■ **SOURCE DATA**
******
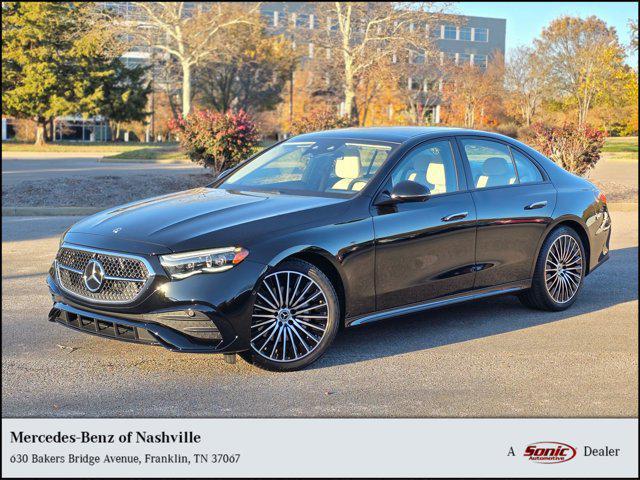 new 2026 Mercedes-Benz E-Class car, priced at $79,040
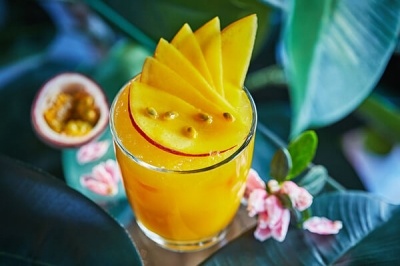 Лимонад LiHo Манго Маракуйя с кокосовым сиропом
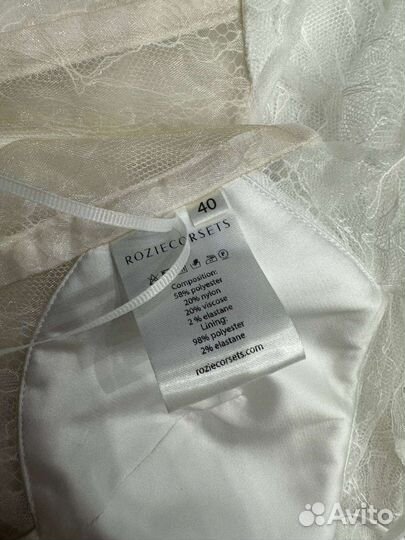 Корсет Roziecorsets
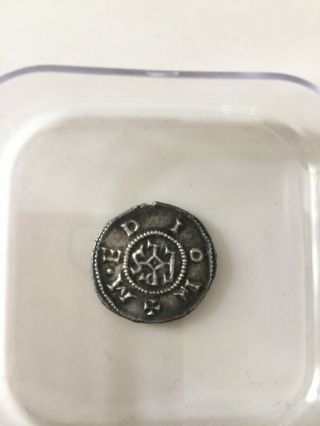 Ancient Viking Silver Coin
******
Set the material down exactly, images excluded.

 new 2026 Mercedes-Benz E-Class car, priced at $79,040
 Лимонад LiHo Манго Маракуйя с кокосовым сиропом
 Корсет Roziecorsets
 Ancient Viking Silver Coin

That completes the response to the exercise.